In this tutorial, ES|QL examples are displayed in the following format:

		FROM windows-security-logs
| WHERE event.code == "4624"
| LIMIT 1000

	

You can run these queries using:

Interactive interfaces:
- Timeline. Find Timelines in the navigation menu or by using the global search field.
- Discover. Find Discover in the navigation menu or by using the global search field.

REST API via Dev Tools Console. This requires additional formatting:

Step 0: Add sample data

To follow along with this tutorial, you need to add sample data to your cluster, using the Dev Tools Console.

Broadly, there are two types of data:

Core indices: These are the main security indices that contain the logs and events you want to analyze. We need three core indices: windows-security-logs, process-logs, and network-logs.
Lookup indices: These are auxiliary indices that provide additional context to your core data. We need three lookup indices: asset-inventory, user-context, and threat-intel.

Create core indices

First, create the core security indices for our threat hunting scenario:

		 PUT /windows-security-logs {
  "mappings": {
    "properties": {
      "@timestamp": {"type": "date"},
      "event": {
        "properties": {
          "code": {"type": "keyword"},
          "action": {"type": "keyword"}
        }
      },
      "user": {
        "properties": {
          "name": {"type": "keyword"},
          "domain": {"type": "keyword"}
        }
      },
      "host": {
        "properties": {
          "name": {"type": "keyword"},
          "ip": {"type": "ip"}
        }
      },
      "source": {
        "properties": {
          "ip": {"type": "ip"}
        }
      },
      "logon": {
        "properties": {
          "type": {"type": "keyword"}
        }
      }
    }
  }
}

	

Event codes like 4624 (successful logon) and 4625 (failed logon) are stored as keywords for exact matching.

Now let's add some sample data to the windows-security-logs index around authentication events, namely failed and successful logins.

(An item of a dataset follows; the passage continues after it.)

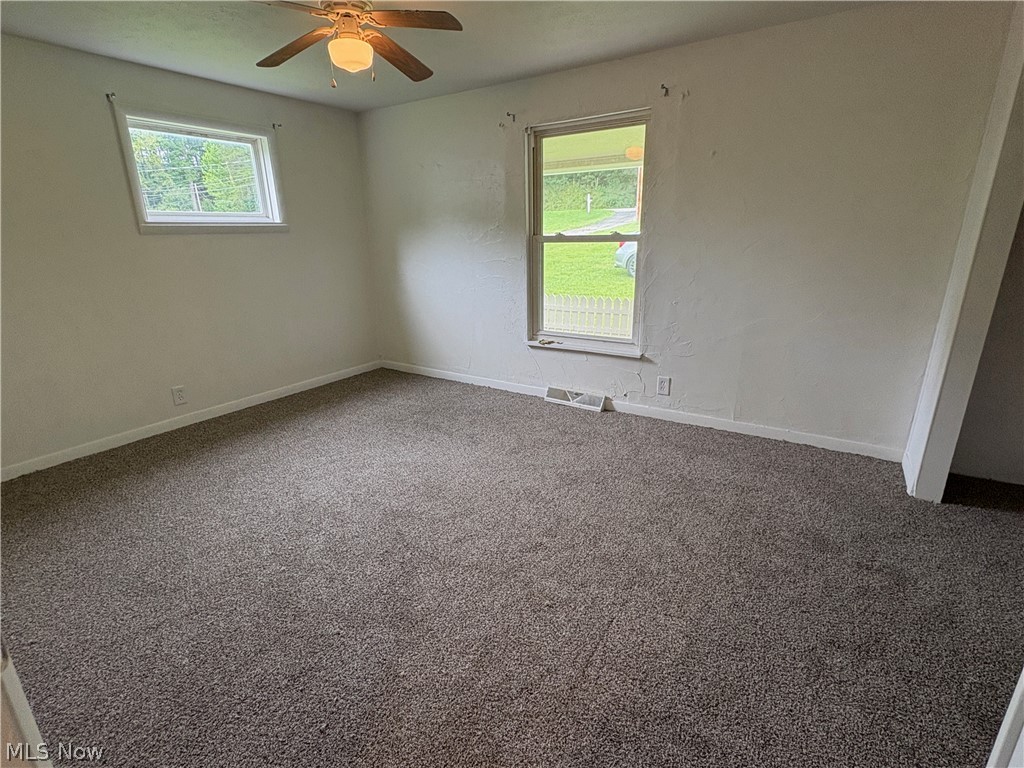 1448 Winding Road Parkersburg, WV 26104 - Photo 2 of 12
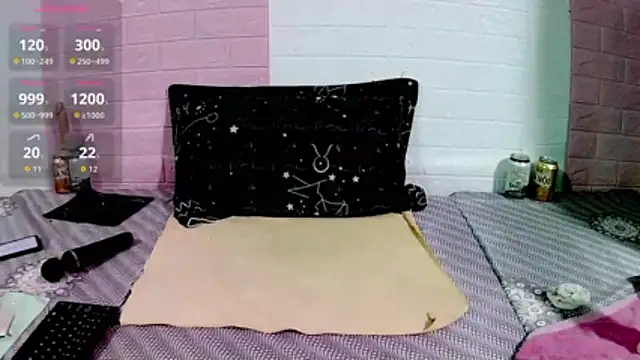 Snapshot of Angel_Jakes chatting on October 19, 2025, 11:29 pm Angel Jakes online show from October 19, 2025, 11:29 pm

		 POST /_bulk?refresh=wait_for {"index":{"_index":"windows-security-logs"}}
{"@timestamp":"2025-05-20T08:15:00Z","event":{"code":"4625","action":"logon_failed"},"user":{"name":"jsmith","domain":"corp"},"host":{"name":"WS-001","ip":"10.1.1.50"},"source":{"ip":"10.1.1.100"}}
{"index":{"_index":"windows-security-logs"}}
{"@timestamp":"2025-05-20T08:17:00Z","event":{"code":"4624","action":"logon_success"},"user":{"name":"jsmith","domain":"corp"},"host":{"name":"WS-001","ip":"10.1.1.50"},"source":{"ip":"10.1.1.100"},"logon":{"type":"3"}}
{"index":{"_index":"windows-security-logs"}}
{"@timestamp":"2025-05-20T09:30:00Z","event":{"code":"4624","action":"logon_success"},"user":{"name":"jsmith","domain":"corp"},"host":{"name":"SRV-001","ip":"10.1.2.10"},"source":{"ip":"10.1.1.50"},"logon":{"type":"3"}}
{"index":{"_index":"windows-security-logs"}}
{"@timestamp":"2025-05-20T10:45:00Z","event":{"code":"4624","action":"logon_success"},"user":{"name":"jsmith","domain":"corp"},"host":{"name":"DB-001","ip":"10.1.3.5"},"source":{"ip":"10.1.2.10"},"logon":{"type":"3"}}
{"index":{"_index":"windows-security-logs"}}
{"@timestamp":"2025-05-20T02:30:00Z","event":{"code":"4624","action":"logon_success"},"user":{"name":"admin","domain":"corp"},"host":{"name":"DC-001","ip":"10.1.4.10"},"source":{"ip":"10.1.3.5"},"logon":{"type":"3"}}

	

Next, create an index for process execution logs.

		 PUT /process-logs {
  "mappings": {
    "properties": {
      "@timestamp": {"type": "date"},
      "process": {
        "properties": {
          "name": {"type": "keyword"},
          "command_line": {"type": "text"},
          "parent": {
            "properties": {
              "name": {"type": "keyword"}
            }
          }
        }
      },
      "user": {
        "properties": {
          "name": {"type": "keyword"}
        }
      },
      "host": {
        "properties": {
          "name": {"type": "keyword"}
        }
      }
    }
  }
}

	

Command lines are stored as text fields to enable full-text search for suspicious parameters and encoded commands.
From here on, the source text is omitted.